Literatürde yazarların görüşüne alternatif görüşler olduğunu gösteren iki referans vererek bu yazıyı bitirelim. Gene bu yıl yayınlanan bir literatür taramasında Agrillo (2011) ÖYT’nin tamamen beyinden kaynaklanıp kaynaklanmadığı konusunda kesin karar verebilecek durumda olmadığımızı söylüyor. Dell’Olio (2010) ise daha ileri giderek ÖYT’lerin ölümden sonra hayat inancına rasyonel bir gerekçe oluşturduğunu iddia ediyor. Hiç bilimsel değil belki, ama cevap verebilmek için Mobbs ve Watt’ın argümanlarının ötesine geçmemiz gerekiyor.

Kaynaklar

Agrillo, C. (2011). Near-death experience: Out-of-body and out-of-brain? Review of General Psychology, 15, 1-10.

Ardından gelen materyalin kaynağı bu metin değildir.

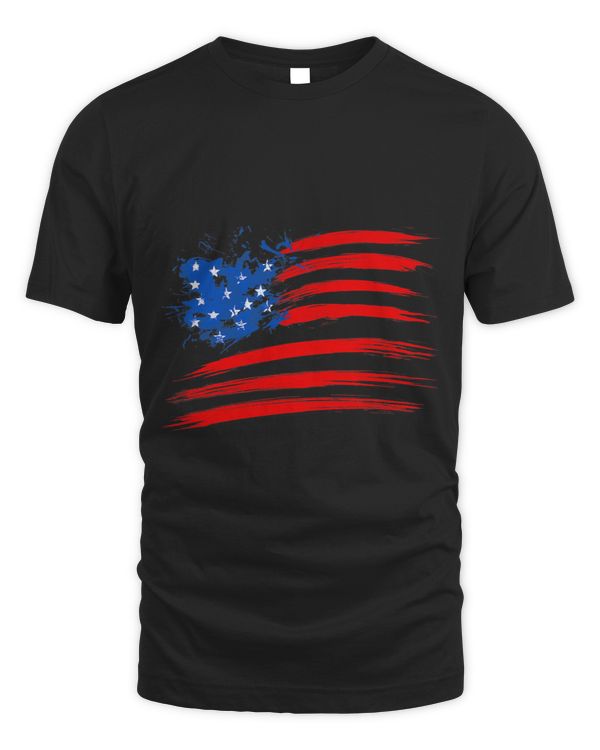 I Love USA United States Country Lover Proud American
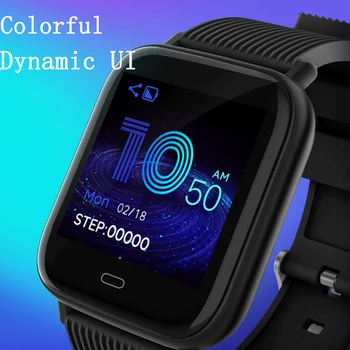 Smart Bracelet Color Screen Smartband Blood Pressure Fitness Tracker Heart Rate Monitor Smart Band Steps Count Sports Watch Men 
Smart Bracelet Color Screen Smartband Blood Pressure Fitness Tracker Heart Rate Monitor Smart Band Steps Count Sports Watch Men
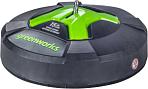 Насадка GreenWorks для плоских поверхностей (28 см, 140 бар, резьба G1/4)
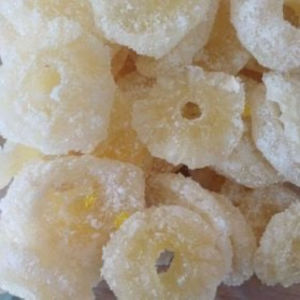 imagem do produto ABACAXI RODELAS C/ AÇÚCAR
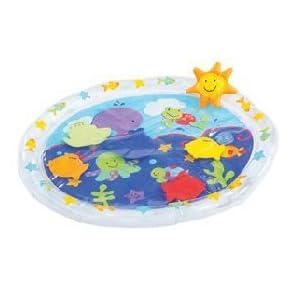 Earlyears Fill n Fun Water Mat Toy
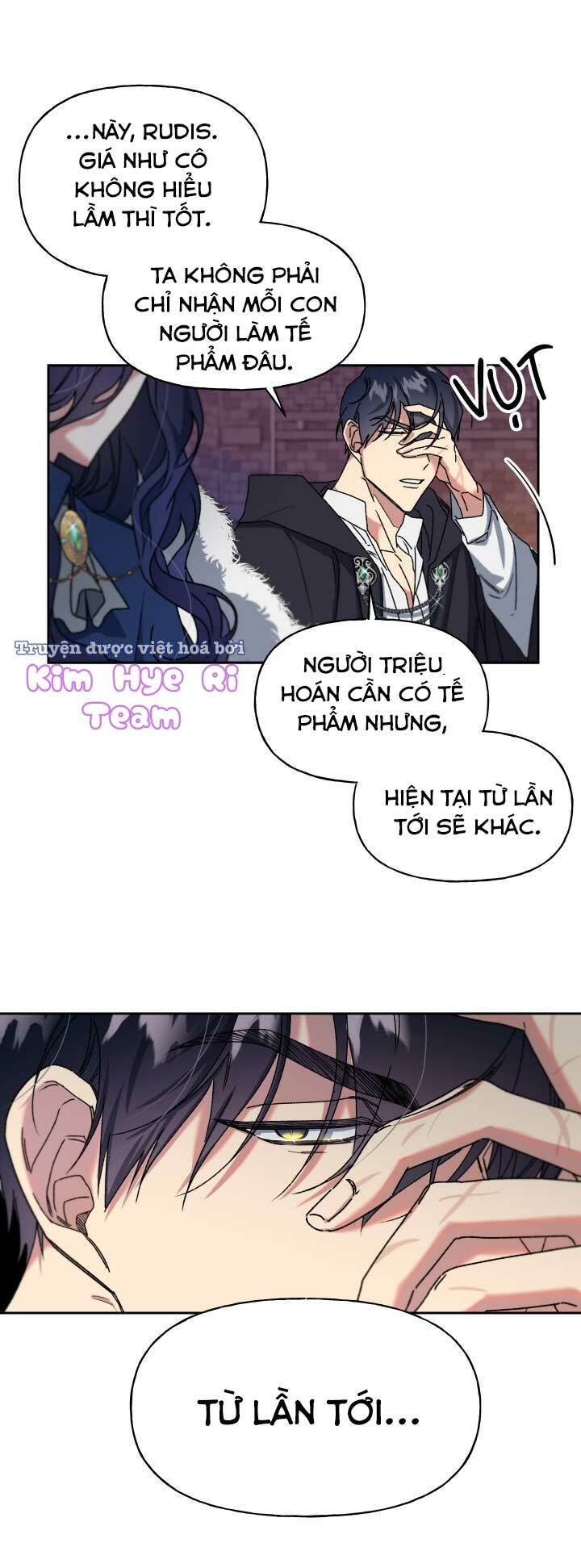 tế phẩm công chúa chapter 21 47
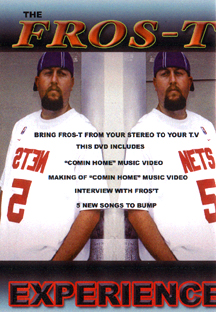 The Fros-T Experience (DVD)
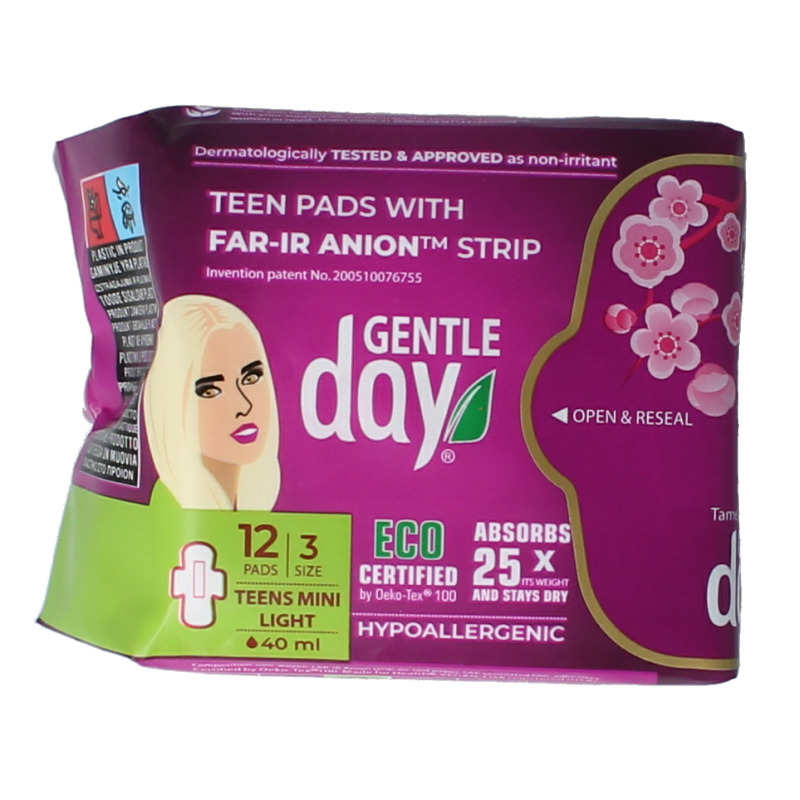 Gentle Day Maandverband tiener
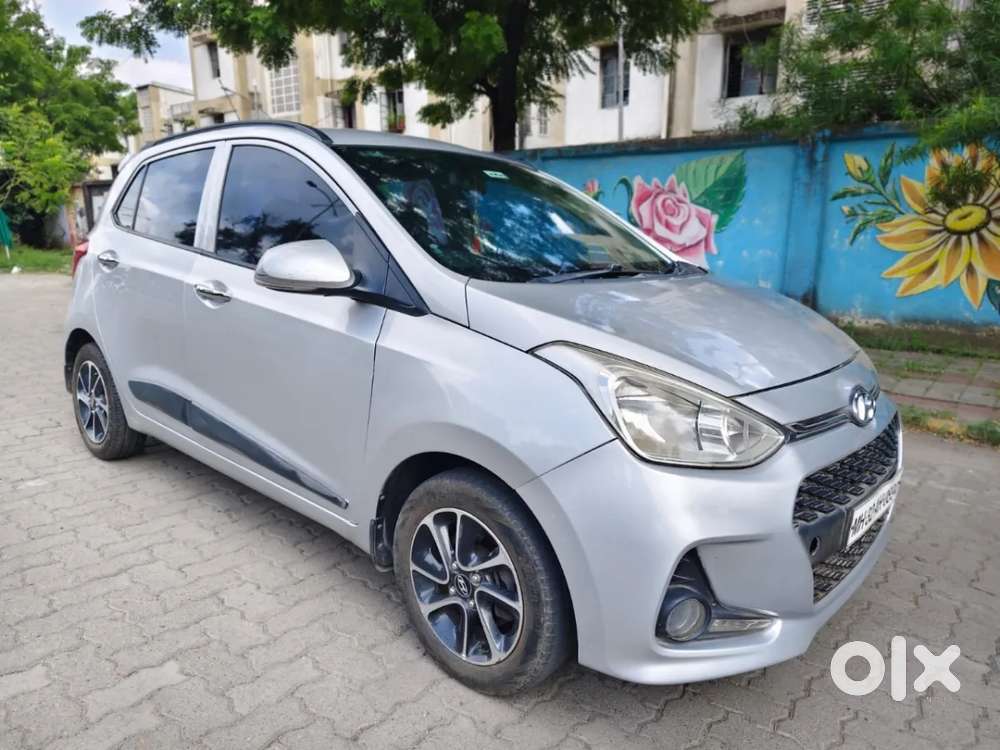 Hyundai Grand I10 Asta 1.2 Kappa Vtvt, 2017, Petrol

Blanke, O., & Arzy, S. (2005). The out-of-body experience: Disturbed self-processing at the temporo-parietal junction. The Neuroscientist, 11, 16-24.

Dell’Olio, A. J. (2010). Do near-death experiences provide a rational basis for belief in life after death? Sophia, 49, 113-128.

Mobbs, D., & Watt, C. 2011). There is nothing paranormal about near-death experiences: How neuroscience can explain seeing bright lights, meeting the dead, or being convinced you are one of them. Trends in Cognitive Sciences, 15, 447-449.

van Lommel, P., ve ark. (2001). Near-Death experiences in survivors of cardiac arrest: A prospective study in the Netherlands. Lancet, 358, 2039-2045.